Gotong royong adalah paham yang dinamis, lebih dinamis dari kekeluargaan. Gotong royong menggambarkan satu usaha, satu amal, satu pekerjaan. Gotong royong adalah pembantingan tulang bersama, perjuangan bantu binantu bersama. Amal semua buat kepentingan semua, keringat semua buat kebahagiaan semua. Holopis kuntul baris, buat kepentingan bersama.
3. Bagaimana konsepsi gotong royong tercermin pada sila-sila Pancasila?
Prinsip ketuhanan harus berjiwa gotong-royong. Ketuhanan yang berkebudayaan, yang lapang, dan toleran, bukan ketuhanan yang saling menyerang dan mengucilkan.
Prinsip Kemanusiaan universalnya harus berjiwa gotong-royong. Kemanusiaan yang berkeadilan dan berkeadaban, bukan pergaulan kemanusiaan yang menjajah, menindas, dan eksploitatif.
Prinsip persatuannya harus berjiwa gotong-royong. Persatuan yang mengupayakan kebersamaan dengan tetap menghargai perbedaan, dalam bingkai bhinneka tunggal ika, bukan kebangsaan yang meniadakan perbedaan atau pun menolak persatuan.
Prinsip demokrasinya harus berjiwa gotong-royong. Demokrasi yang mengembangkan musyawarah mufakat, bukan demokrasi yang didikte oleh suara mayoritas atau minoritas elit penguasa dan pernodal, Prinsip keadilannya harus berjiwa gotong-royong. Keadilan yang mengembangkan partisipasi dan emansipasi di bidang ekonomi dengan semangat kekeluargaan, bukan visi kesejahteraan yang berbasis individualisme-kapitalisme, bukan pula yang mengekang kebebasan individu seperti dalam sistem etatisme.

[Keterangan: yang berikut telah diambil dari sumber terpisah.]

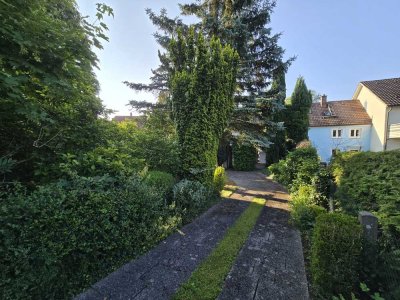 ... Malerisches Anwesen mit idyllischen Garten in Bestlage zwischen Stadtplatz und dem Inn ...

4. Rumusan Pancasila terdapat dalam Pembukaan Undang-Undang Dasar Negara Republik Indonesia Tahun 1945. Selain sebagai dasar negara, Pancasila juga berkedudukan sebagai?
a. Pancasila sebagai pandangan hidup Bangsa;
b. Pancasila sebagai ideologi Negara;
c. Pancasila sebagai ligatur (pemersatu) dalam perikehidupan kebangsaan dan kenegaraan;
d. Pancasila sebagai sumber dari segala sumber hukum.
5. Bagaimana sejarah ringkas perumusan Pancasila sebagai dasar negara?
Pancasila tidaklah lahir secara mendadak pada tahun 1945, melainkan melalui proses yang panjang. Proses sejarah konseptualisasi Pancasila melintasi rangkaian perjalanan yang panjang, setidaknya dimulai sejak awal 1900-an dalam bentuk rintisan-rintisan gagasan untuk mencari sintesis antar ideologi dan gerakan seiring dengan proses penemuan Indonesia sebagai kode kebangsaan bersama. Proses ini ditandai oleh kemunculan berbagai organisasi pergerakan kebangkitan (Boedi Oetomo, SDI, SI, Muhammadiyah, NU, Perhimpunan Indonesia, dan lain-lain), partai politik (Indische Partij, PNI, partai-partai sosialis, PSII, dan lain-lain), dan sumpah pemuda. Perumusan konseptualisasi Pancasila dimulai pada masa persidangan pertama Badan Penyelidik Usaha-usaha Persia pan Kemerdekaan Indonesia (BPUPKI) tanggal 29 Mei-1 Juni 1945.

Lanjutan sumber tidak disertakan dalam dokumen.